Selon M. Philippe-Beauchamp, la mise en demeure du CSSDM a été envoyée au lendemain d’une rencontre avec le ministre de l’Éducation, Bernard Drainville, durant laquelle « aucune solution n’a été dégagée ».
« Il n’y a rien qui est proposé. Et pendant ce temps, pour 200 000 $, ils sont en train de mettre en danger l’éducation populaire à Montréal », déplore-t-il, craignant que des groupes doivent « piger dans leurs ressources déjà fragilisées » pour payer le CSSDM si Québec n’intervient pas.
On ne comprend pas que ça ne soit pas possible d’avoir une vision à long terme. Ce qu’on demande, c’est une subvention d’environ 1,1 million par année, alors que le Ministère a un budget de 2 milliards.

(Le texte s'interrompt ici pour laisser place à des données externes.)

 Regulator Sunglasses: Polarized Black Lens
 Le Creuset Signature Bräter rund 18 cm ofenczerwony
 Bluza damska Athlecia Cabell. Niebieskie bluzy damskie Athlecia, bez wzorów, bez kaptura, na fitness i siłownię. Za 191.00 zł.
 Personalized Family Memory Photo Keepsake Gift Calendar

Xavier Philippe-Beauchamp, porte-parole d’InterCEP
En août, La Presse révélait l’existence d’un mémoire de la Ville de Montréal selon lequel une cinquantaine d’avis d’éviction ont été envoyés à des organismes communautaires dans la dernière année. Ces avis ciblent 13 bâtiments scolaires appartenant au CSSDM.
« Fermer, ça voudrait dire qu’environ 300 familles n’auront plus de soutien alimentaire. […] Ça serait une catastrophe », s’était inquiétée la directrice du Pavillon d’éducation communautaire Hochelaga-Maisonneuve, Martha Ortiz, dont le groupe est visé par un avis d’éviction.
Dès novembre 2022, le CSSDM avait fait savoir qu’il ne souhaitait plus gérer d’immeubles qu’il n’utilise pas pour les écoles.
« Poursuivre notre travail »
Par écrit, la ministre responsable de la Solidarité sociale et de l’Action communautaire, Chantal Rouleau, réitère qu’elle est « sensible à l’enjeu des organismes communautaires locataires du CSSDM ».
« Je travaille avec mes collègues des autres ministères concernés pour accompagner les organismes touchés par cette situation. Nous explorons toutes les possibilités et avons tenu plusieurs rencontres fructueuses à ce jour. Nous allons poursuivre notre travail », s’est-elle limitée à dire.